Die Wall Street hat heute einen Teil der anfänglichen Einbußen wettgemacht. Zwischenzeitlich schaffte der Dow Jones sogar den Sprung in die Gewinnzone, nachdem sich die Lage am Ölmarkt etwas beruhigt hatte. Im weiteren Verlauf rutschte der US-Leitindex jedoch wieder ins Minus und stand zuletzt 0,14 Prozent tiefer bei 52.499 Punkten.
Der S&P 500 gab um 0,21 Prozent auf 7.641 Punkte nach. Beim Nasdaq 100 fiel der Verlust mit 0,37 Prozent auf 29.260 Zähler etwas stärker aus. Der technologieorientierte Index litt insbesondere unter der anhaltenden Diskussion über mögliche Sicherheitsrisiken künstlicher Intelligenz. Besonders hart traf die Verkaufswelle Unternehmen aus der Halbleiterbranche.
Für zusätzliche Nervosität sorgten Warnungen führender Vertreter des KI-Sektors. Dario Amodei, Vorstandschef des Entwicklers Anthropic, verwies auf die jüngsten Fälle autonomer KI-gestützter Hackerangriffe. Er fürchtet, dass ein Verbund solcher Systeme bereits in sechs bis zwölf Monaten das gesamte Internet übernehmen und Schäden von potenziell mehreren hundert Milliarden US-Dollar anrichten könnte. Amodei plädierte deshalb dafür, die Entwicklung besonders leistungsfähiger KI-Modelle zu verlangsamen.

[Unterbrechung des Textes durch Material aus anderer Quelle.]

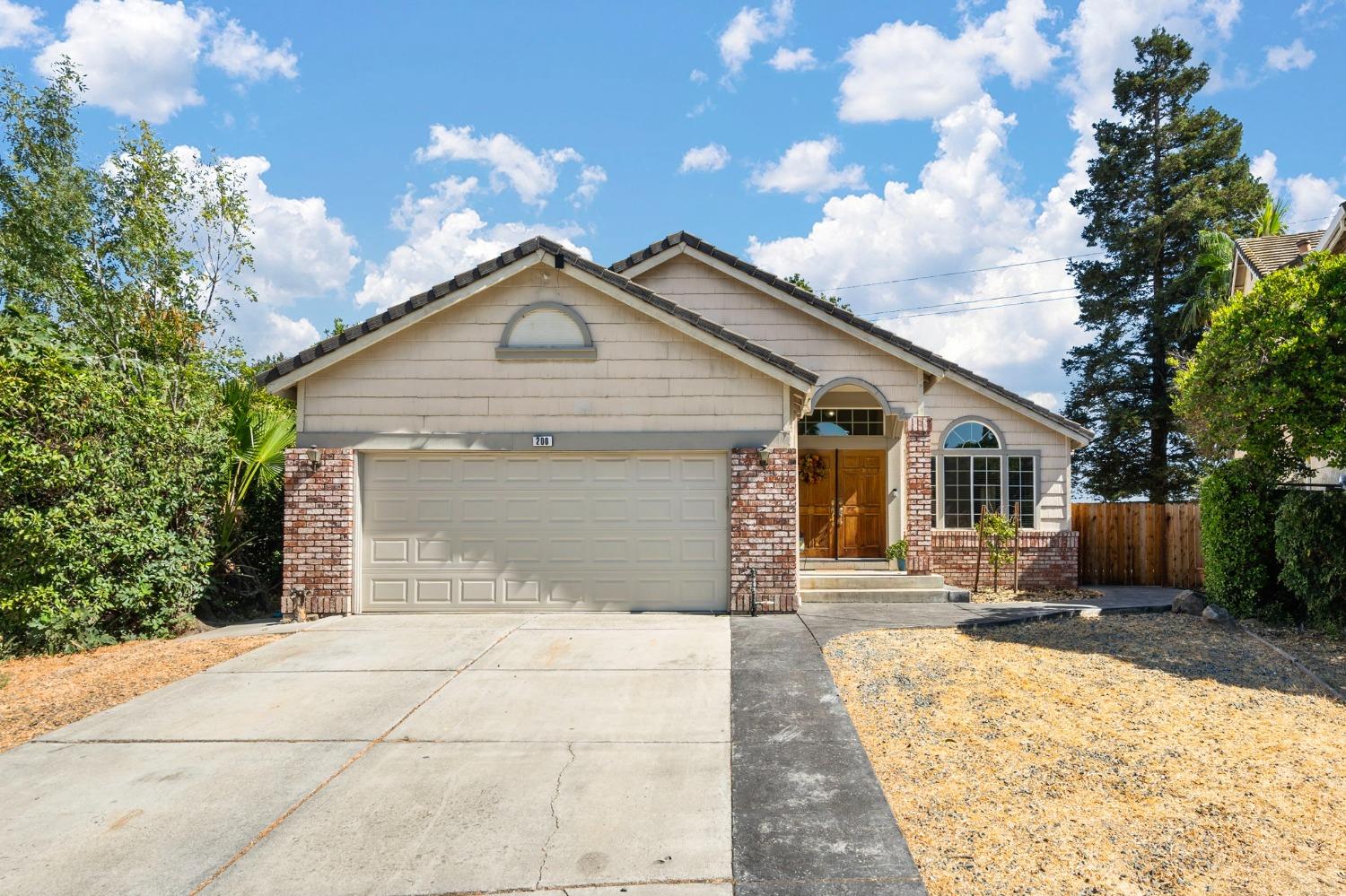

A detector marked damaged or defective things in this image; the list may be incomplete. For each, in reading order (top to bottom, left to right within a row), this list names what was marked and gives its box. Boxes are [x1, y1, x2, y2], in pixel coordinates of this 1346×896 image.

Schon in Asien hatten Diskussionen über eine mögliche schärfere Regulierung der Technologie die Stimmung gegenüber Technologiewerten belastet. Der stark von Technologieunternehmen geprägte Kospi in Südkorea gab deutlich nach. Auch an den europäischen Börsen hielten sich Anleger bei Tech-Aktien zurück.
Unterdessen kamen die Ölnotierungen von ihren jüngsten Höchstständen zurück. Auslöser war eine Äußerung von Donald Trump, wonach Russland und die Ukraine künftig auf Angriffe gegen Energieanlagen des jeweils anderen verzichten wollten. Weitere Einzelheiten nannte der US-Präsident auf Truth Social zunächst nicht. Der ukrainische Staatschef Wolodymyr Selenskyj schrieb auf X, eine Deeskalation bei kritischer Infrastruktur könne "ein erster Schritt in Richtung Frieden" sein. Zugleich erklärte er: "Der Krieg muss beendet werden." Eine Stellungnahme aus Moskau lag zunächst nicht vor.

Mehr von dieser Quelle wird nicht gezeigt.